How to Efficiently Manage Storage for High-Volume Data Annotation Projects

Check Xtreme1’s solution to the challenges of storing and managing large amounts of annotated data required for training AI models.

Xtreme1
Multimodal Data Training
4 min readFeb 27, 2023

--

AI is transforming everything, and the future looks bright for a more efficient, productive, and connected world. With autonomous vehicles, robots, and smart homes on the horizon, we can expect safer, more efficient, and more convenient ways of living. However, as we look at these advancements from a technical perspective, there are still challenges to overcome.

Whether ADAS or robots, any AI application couldn’t take shape without trained AI models. Furthermore, training these artificial intelligence models couldn’t be achieved without a large amount of high-quality data that has been manually annotated, including:

  1. Data that needs to be annotated (such as point clouds, images, speech, text, etc.) and
  2. Annotated objects (such as 2D/3D bounding boxes, polygons, point clouds, etc.).

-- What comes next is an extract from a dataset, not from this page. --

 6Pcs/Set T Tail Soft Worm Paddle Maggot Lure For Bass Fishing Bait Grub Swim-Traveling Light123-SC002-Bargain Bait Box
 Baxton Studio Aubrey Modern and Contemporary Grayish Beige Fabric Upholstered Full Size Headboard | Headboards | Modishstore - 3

When it comes to annotated data, since they are all files and quite large, using object storage is a conventional choice. The annotated objects are stored in JSON format, with the information size of a single object ranging from several hundred bytes to several hundred KB. In the point cloud segmentation scenario, since it is necessary to save the information of all points in the segmentation area, the information will be relatively large, reaching several hundred KB. The traditional way is to use a database to store the records, which can support more complex queries, but it will face the following challenges:

Storage Challenges:

For 1,000 tenants, each with 1 million Data, and 10 Objects annotated per Data, the total number of Objects would be 10 billion. Assuming an object size of 1KB, the required storage space would be 10TB. This is just the data volume generated by one annotation source. If multiple annotation sources are considered, the data volume will double.

Read/Write Challenges:

While storage challenges can be addressed by adding nodes and disks, read/write challenges are tricky because read/write performance cannot be linearly scaled by adding nodes. For frame series annotation, several hundred Data with thousands of Objects are loaded simultaneously when the annotation tool is opened. This means that several thousand records (ranging from several MB to several hundred MB) are read from the database at once. The same writing pressure is faced when submitting. If the database solution can barely support low-concurrency private deployment scenarios, it becomes impractical for SaaS, where thousands of users operate simultaneously.

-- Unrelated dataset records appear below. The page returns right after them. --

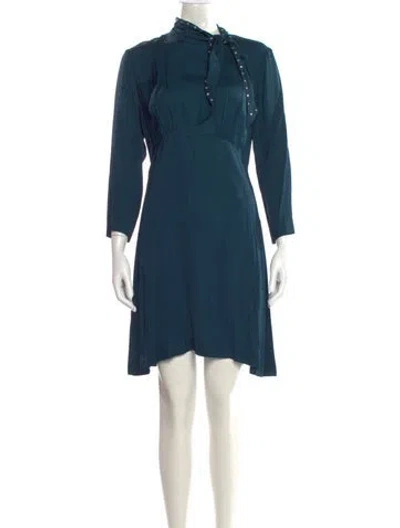Pre-owned Sandro Mock Neck Mini Dress In Blue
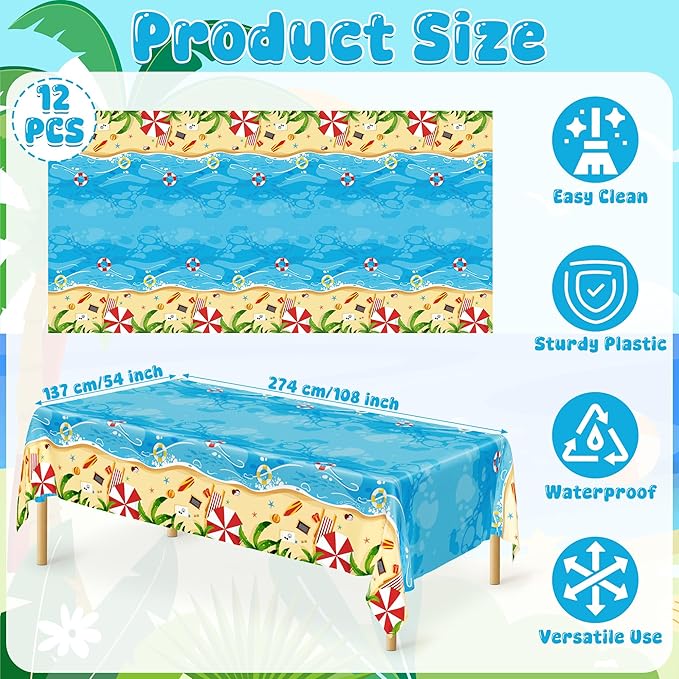 QZYL 12Pcs Summer Beach Tablecloth, 54 x 108 Inch Rectangle Beach Table Cloth, Disposable Summer Plastic Tablecloth Beach Party Decorations, Hawaiian Tropical Table Cover for Birthday Picnic Supplies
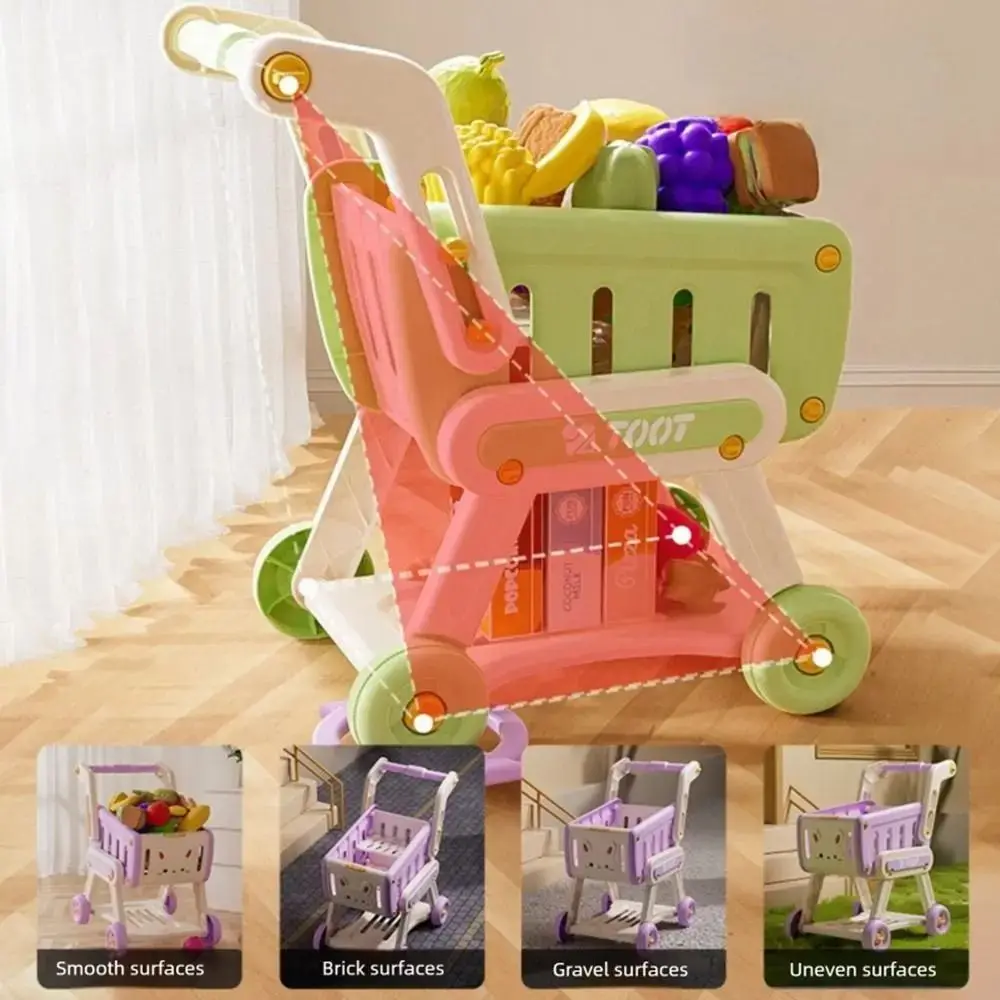 Multicolor Shopping Cart Set 32PCS/Set 1 Trolley Supermarket Trolley 8 Snacks Box Large Size Role Playing Boys Girls Gift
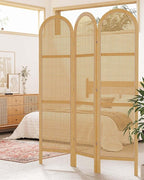 Svimi Room Dividers and Folding Privacy Screens, Pine Wood 5.6 Ft Double Hinged Rattan Partition Freestanding Wall Room Divider for Home - 3 Panels (Natural)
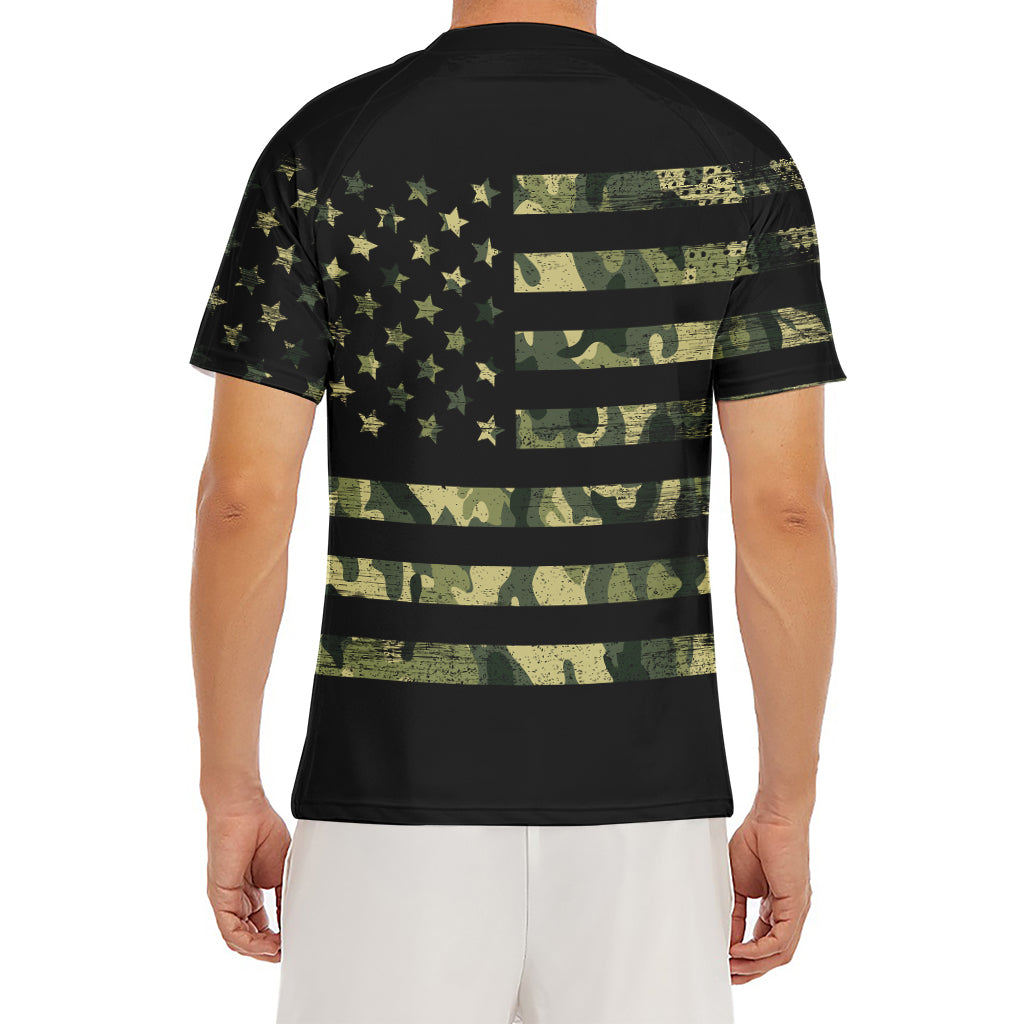 Camouflage American Flag Print Men's Short Sleeve Rash Guard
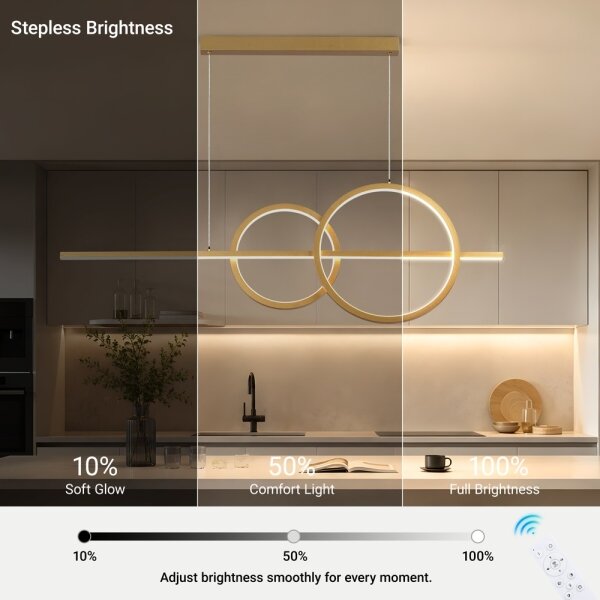 BRILAGI - Lampă suspendată LED reglabilă pe cablu SIGNATURE LED/53W/230V 120 cm aurie + telecomandă
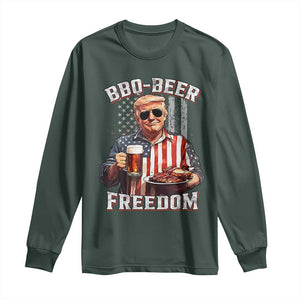 Funny Trump 4th Of July Long Sleeve Shirt Patriotic BBQ Beer Freedom American Flag TS10 Dark Forest Green Print Your Wear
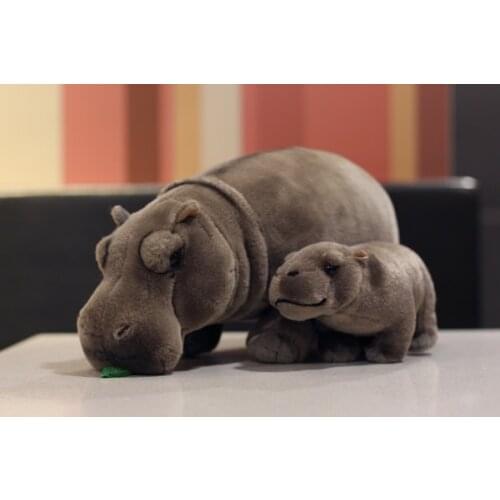 12" Lifelike Standing Hippos Stuffed Animal Toys Soft Real Life Hippopotamus Plush Toy Birthday Gift For Kids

Faced with various types of data and a large amount of annotation work, how does the Xtreme1 team design a storage solution?

Solution:

Dealing with large data volumes and read/write loads can be challenging, even when using distributed relational or NoSQL databases. The maintenance cost can be prohibitively high, and these distributed databases typically rely on multiple replicas, leading to a storage expansion of two or three times the original size.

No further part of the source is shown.